Despite the program’s strengths, achieving successful smoking cessation in very socially vulnerable populations remains a challenge and underscores the need for further research and innovation in this area. Future iterations of the program could explore additional strategies as peer support and relapse prevention for tailoring interventions to the specific needs of different subgroups within the very socially vulnerable population. This case shows the potential for further research e.g. a feasibility study within the very socially vulnerable group.
Conclusion
In conclusion, the smoking cessation program for very socially vulnerable populations represents an important step towards addressing the complex barriers to entering and quitting smoking among individuals who is very socially disadvantaged.
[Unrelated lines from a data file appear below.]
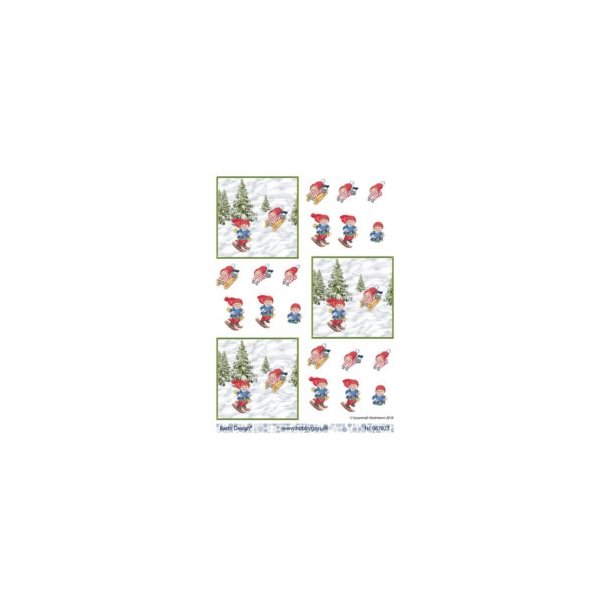 3D Nissedrenge i sneen Sm� motiver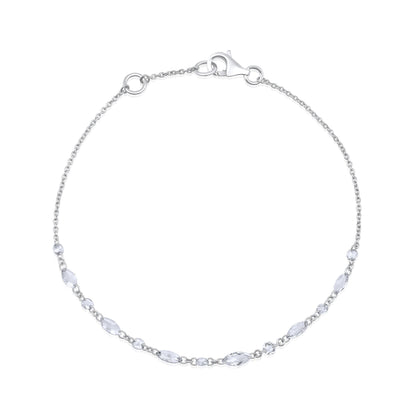 Solid Gold 0.6ct Natural Diamond Rose Cut Multi Tennis Chain Bracelet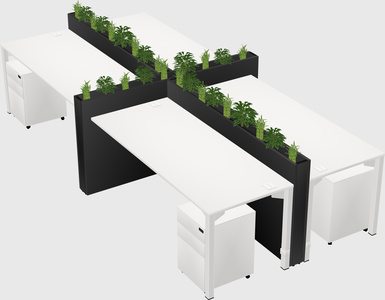 Rectangular shared desk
However, continued efforts are needed to overcome remaining challenges and further optimize the program’s effectiveness in promoting successful smoking cessation.
Acknowledgments: We acknowledge the participants registered in the Danish STOPbase for tobacco and nicotine as well as the therapists. The Parker Institute, Bispebjerg and Frederiksberg Hospital, is supported by a core grant from the Oak Foundation (OFIL-24-074).
Ethical Considerations: Approval from ethics committee was not required according to Danish law. The study was approved by the Danish Data Protection Agency (P-2021-900).
Conflict of Interest: All authors report no conflict of interest.